Caption-style text data:
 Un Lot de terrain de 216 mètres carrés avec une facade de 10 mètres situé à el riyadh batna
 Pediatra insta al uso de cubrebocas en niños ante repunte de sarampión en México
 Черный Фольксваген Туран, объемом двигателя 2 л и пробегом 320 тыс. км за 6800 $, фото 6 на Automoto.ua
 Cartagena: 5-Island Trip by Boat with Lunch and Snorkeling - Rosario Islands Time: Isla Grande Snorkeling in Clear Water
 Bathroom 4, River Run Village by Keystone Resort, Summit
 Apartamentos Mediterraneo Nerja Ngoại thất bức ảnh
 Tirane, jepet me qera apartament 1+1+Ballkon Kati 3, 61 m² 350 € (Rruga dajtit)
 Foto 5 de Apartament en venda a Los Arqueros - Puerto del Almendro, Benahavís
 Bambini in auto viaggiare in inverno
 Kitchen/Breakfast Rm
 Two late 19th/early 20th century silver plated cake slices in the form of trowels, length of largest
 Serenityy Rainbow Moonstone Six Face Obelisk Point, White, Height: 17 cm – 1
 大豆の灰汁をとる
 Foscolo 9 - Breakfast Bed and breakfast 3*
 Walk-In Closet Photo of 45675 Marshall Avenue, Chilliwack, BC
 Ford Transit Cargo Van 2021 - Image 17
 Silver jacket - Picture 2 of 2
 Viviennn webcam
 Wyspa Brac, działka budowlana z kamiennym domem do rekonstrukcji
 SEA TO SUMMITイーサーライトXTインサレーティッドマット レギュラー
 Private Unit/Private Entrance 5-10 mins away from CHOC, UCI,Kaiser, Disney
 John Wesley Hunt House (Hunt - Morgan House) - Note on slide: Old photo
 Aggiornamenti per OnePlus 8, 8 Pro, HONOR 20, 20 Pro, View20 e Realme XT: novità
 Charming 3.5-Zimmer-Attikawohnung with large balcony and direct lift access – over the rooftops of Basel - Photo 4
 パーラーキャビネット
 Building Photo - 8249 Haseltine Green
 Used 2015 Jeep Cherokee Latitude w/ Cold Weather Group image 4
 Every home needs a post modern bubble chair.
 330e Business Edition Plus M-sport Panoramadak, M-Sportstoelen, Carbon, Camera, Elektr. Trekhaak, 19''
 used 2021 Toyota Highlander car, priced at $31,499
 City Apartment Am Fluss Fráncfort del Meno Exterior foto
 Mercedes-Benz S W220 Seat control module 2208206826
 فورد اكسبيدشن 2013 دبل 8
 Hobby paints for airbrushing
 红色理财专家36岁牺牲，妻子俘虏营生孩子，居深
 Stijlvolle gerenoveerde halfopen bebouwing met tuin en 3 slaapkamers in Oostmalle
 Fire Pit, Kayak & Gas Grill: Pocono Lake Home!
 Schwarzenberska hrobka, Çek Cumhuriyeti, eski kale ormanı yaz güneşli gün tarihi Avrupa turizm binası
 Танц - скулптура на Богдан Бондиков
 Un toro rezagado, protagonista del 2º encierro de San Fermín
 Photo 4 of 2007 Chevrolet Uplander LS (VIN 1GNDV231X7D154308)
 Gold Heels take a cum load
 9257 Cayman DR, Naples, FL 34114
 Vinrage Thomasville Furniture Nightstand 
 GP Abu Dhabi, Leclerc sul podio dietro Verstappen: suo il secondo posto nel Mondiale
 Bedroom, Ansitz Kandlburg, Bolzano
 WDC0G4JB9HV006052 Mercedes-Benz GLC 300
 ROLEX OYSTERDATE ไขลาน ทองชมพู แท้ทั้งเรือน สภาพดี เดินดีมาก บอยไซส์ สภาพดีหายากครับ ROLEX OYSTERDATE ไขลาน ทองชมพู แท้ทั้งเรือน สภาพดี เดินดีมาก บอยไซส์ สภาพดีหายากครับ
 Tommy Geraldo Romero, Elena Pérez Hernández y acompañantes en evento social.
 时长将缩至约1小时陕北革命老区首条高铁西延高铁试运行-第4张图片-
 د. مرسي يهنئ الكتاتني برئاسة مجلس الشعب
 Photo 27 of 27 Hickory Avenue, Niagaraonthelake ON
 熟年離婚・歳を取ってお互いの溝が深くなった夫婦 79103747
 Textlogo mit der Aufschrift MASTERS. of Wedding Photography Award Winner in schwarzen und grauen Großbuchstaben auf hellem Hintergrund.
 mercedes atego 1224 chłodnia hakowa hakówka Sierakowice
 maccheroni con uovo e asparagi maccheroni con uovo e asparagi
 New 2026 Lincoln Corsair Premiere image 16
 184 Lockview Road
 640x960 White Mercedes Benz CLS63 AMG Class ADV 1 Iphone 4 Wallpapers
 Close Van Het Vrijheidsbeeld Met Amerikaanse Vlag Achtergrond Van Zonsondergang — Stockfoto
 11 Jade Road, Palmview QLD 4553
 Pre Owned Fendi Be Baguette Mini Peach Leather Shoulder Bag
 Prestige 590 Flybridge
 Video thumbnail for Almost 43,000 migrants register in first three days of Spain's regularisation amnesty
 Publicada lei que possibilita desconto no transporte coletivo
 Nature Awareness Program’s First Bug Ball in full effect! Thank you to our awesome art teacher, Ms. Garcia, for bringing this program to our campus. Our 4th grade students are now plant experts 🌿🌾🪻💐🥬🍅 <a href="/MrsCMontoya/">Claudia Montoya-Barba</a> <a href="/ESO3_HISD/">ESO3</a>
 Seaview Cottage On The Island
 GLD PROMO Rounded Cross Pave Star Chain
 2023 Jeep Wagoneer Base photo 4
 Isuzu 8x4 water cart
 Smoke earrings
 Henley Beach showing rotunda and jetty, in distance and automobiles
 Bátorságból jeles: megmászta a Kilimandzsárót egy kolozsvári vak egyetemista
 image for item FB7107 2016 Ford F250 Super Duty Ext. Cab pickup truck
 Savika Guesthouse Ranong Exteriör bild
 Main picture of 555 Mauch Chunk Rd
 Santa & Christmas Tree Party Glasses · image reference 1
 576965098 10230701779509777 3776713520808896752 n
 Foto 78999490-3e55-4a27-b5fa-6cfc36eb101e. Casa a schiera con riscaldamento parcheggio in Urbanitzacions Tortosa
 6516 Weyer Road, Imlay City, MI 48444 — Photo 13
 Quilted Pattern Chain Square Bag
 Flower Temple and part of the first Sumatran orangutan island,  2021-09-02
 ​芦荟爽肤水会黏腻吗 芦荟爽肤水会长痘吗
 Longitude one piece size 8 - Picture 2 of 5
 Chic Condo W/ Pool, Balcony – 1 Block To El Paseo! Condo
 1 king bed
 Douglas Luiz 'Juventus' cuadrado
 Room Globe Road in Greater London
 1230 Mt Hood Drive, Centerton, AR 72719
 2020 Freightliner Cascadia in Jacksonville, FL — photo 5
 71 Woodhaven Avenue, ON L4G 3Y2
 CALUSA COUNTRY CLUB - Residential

Instructions to follow:
Word for word, return the entire set of entries.

Answer box:
 Un Lot de terrain de 216 mètres carrés avec une facade de 10 mètres situé à el riyadh batna
 Pediatra insta al uso de cubrebocas en niños ante repunte de sarampión en México
 Черный Фольксваген Туран, объемом двигателя 2 л и пробегом 320 тыс. км за 6800 $, фото 6 на Automoto.ua
 Cartagena: 5-Island Trip by Boat with Lunch and Snorkeling - Rosario Islands Time: Isla Grande Snorkeling in Clear Water
 Bathroom 4, River Run Village by Keystone Resort, Summit
 Apartamentos Mediterraneo Nerja Ngoại thất bức ảnh
 Tirane, jepet me qera apartament 1+1+Ballkon Kati 3, 61 m² 350 € (Rruga dajtit)
 Foto 5 de Apartament en venda a Los Arqueros - Puerto del Almendro, Benahavís
 Bambini in auto viaggiare in inverno
 Kitchen/Breakfast Rm
 Two late 19th/early 20th century silver plated cake slices in the form of trowels, length of largest
 Serenityy Rainbow Moonstone Six Face Obelisk Point, White, Height: 17 cm – 1
 大豆の灰汁をとる
 Foscolo 9 - Breakfast Bed and breakfast 3*
 Walk-In Closet Photo of 45675 Marshall Avenue, Chilliwack, BC
 Ford Transit Cargo Van 2021 - Image 17
 Silver jacket - Picture 2 of 2
 Viviennn webcam
 Wyspa Brac, działka budowlana z kamiennym domem do rekonstrukcji
 SEA TO SUMMITイーサーライトXTインサレーティッドマット レギュラー
 Private Unit/Private Entrance 5-10 mins away from CHOC, UCI,Kaiser, Disney
 John Wesley Hunt House (Hunt - Morgan House) - Note on slide: Old photo
 Aggiornamenti per OnePlus 8, 8 Pro, HONOR 20, 20 Pro, View20 e Realme XT: novità
 Charming 3.5-Zimmer-Attikawohnung with large balcony and direct lift access – over the rooftops of Basel - Photo 4
 パーラーキャビネット
 Building Photo - 8249 Haseltine Green
 Used 2015 Jeep Cherokee Latitude w/ Cold Weather Group image 4
 Every home needs a post modern bubble chair.
 330e Business Edition Plus M-sport Panoramadak, M-Sportstoelen, Carbon, Camera, Elektr. Trekhaak, 19''
 used 2021 Toyota Highlander car, priced at $31,499
 City Apartment Am Fluss Fráncfort del Meno Exterior foto
 Mercedes-Benz S W220 Seat control module 2208206826
 فورد اكسبيدشن 2013 دبل 8
 Hobby paints for airbrushing
 红色理财专家36岁牺牲，妻子俘虏营生孩子，居深
 Stijlvolle gerenoveerde halfopen bebouwing met tuin en 3 slaapkamers in Oostmalle
 Fire Pit, Kayak & Gas Grill: Pocono Lake Home!
 Schwarzenberska hrobka, Çek Cumhuriyeti, eski kale ormanı yaz güneşli gün tarihi Avrupa turizm binası
 Танц - скулптура на Богдан Бондиков
 Un toro rezagado, protagonista del 2º encierro de San Fermín
 Photo 4 of 2007 Chevrolet Uplander LS (VIN 1GNDV231X7D154308)
 Gold Heels take a cum load
 9257 Cayman DR, Naples, FL 34114
 Vinrage Thomasville Furniture Nightstand 
 GP Abu Dhabi, Leclerc sul podio dietro Verstappen: suo il secondo posto nel Mondiale
 Bedroom, Ansitz Kandlburg, Bolzano
 WDC0G4JB9HV006052 Mercedes-Benz GLC 300
 ROLEX OYSTERDATE ไขลาน ทองชมพู แท้ทั้งเรือน สภาพดี เดินดีมาก บอยไซส์ สภาพดีหายากครับ ROLEX OYSTERDATE ไขลาน ทองชมพู แท้ทั้งเรือน สภาพดี เดินดีมาก บอยไซส์ สภาพดีหายากครับ
 Tommy Geraldo Romero, Elena Pérez Hernández y acompañantes en evento social.
 时长将缩至约1小时陕北革命老区首条高铁西延高铁试运行-第4张图片-
 د. مرسي يهنئ الكتاتني برئاسة مجلس الشعب
 Photo 27 of 27 Hickory Avenue, Niagaraonthelake ON
 熟年離婚・歳を取ってお互いの溝が深くなった夫婦 79103747
 Textlogo mit der Aufschrift MASTERS. of Wedding Photography Award Winner in schwarzen und grauen Großbuchstaben auf hellem Hintergrund.
 mercedes atego 1224 chłodnia hakowa hakówka Sierakowice
 maccheroni con uovo e asparagi maccheroni con uovo e asparagi
 New 2026 Lincoln Corsair Premiere image 16
 184 Lockview Road
 640x960 White Mercedes Benz CLS63 AMG Class ADV 1 Iphone 4 Wallpapers
 Close Van Het Vrijheidsbeeld Met Amerikaanse Vlag Achtergrond Van Zonsondergang — Stockfoto
 11 Jade Road, Palmview QLD 4553
 Pre Owned Fendi Be Baguette Mini Peach Leather Shoulder Bag
 Prestige 590 Flybridge
 Video thumbnail for Almost 43,000 migrants register in first three days of Spain's regularisation amnesty
 Publicada lei que possibilita desconto no transporte coletivo
 Nature Awareness Program’s First Bug Ball in full effect! Thank you to our awesome art teacher, Ms. Garcia, for bringing this program to our campus. Our 4th grade students are now plant experts 🌿🌾🪻💐🥬🍅 <a href="/MrsCMontoya/">Claudia Montoya-Barba</a> <a href="/ESO3_HISD/">ESO3</a>
 Seaview Cottage On The Island
 GLD PROMO Rounded Cross Pave Star Chain
 2023 Jeep Wagoneer Base photo 4
 Isuzu 8x4 water cart
 Smoke earrings
 Henley Beach showing rotunda and jetty, in distance and automobiles
 Bátorságból jeles: megmászta a Kilimandzsárót egy kolozsvári vak egyetemista
 image for item FB7107 2016 Ford F250 Super Duty Ext. Cab pickup truck
 Savika Guesthouse Ranong Exteriör bild
 Main picture of 555 Mauch Chunk Rd
 Santa & Christmas Tree Party Glasses · image reference 1
 576965098 10230701779509777 3776713520808896752 n
 Foto 78999490-3e55-4a27-b5fa-6cfc36eb101e. Casa a schiera con riscaldamento parcheggio in Urbanitzacions Tortosa
 6516 Weyer Road, Imlay City, MI 48444 — Photo 13
 Quilted Pattern Chain Square Bag
 Flower Temple and part of the first Sumatran orangutan island,  2021-09-02
 ​芦荟爽肤水会黏腻吗 芦荟爽肤水会长痘吗
 Longitude one piece size 8 - Picture 2 of 5
 Chic Condo W/ Pool, Balcony – 1 Block To El Paseo! Condo
 1 king bed
 Douglas Luiz 'Juventus' cuadrado
 Room Globe Road in Greater London
 1230 Mt Hood Drive, Centerton, AR 72719
 2020 Freightliner Cascadia in Jacksonville, FL — photo 5
 71 Woodhaven Avenue, ON L4G 3Y2
 CALUSA COUNTRY CLUB - Residential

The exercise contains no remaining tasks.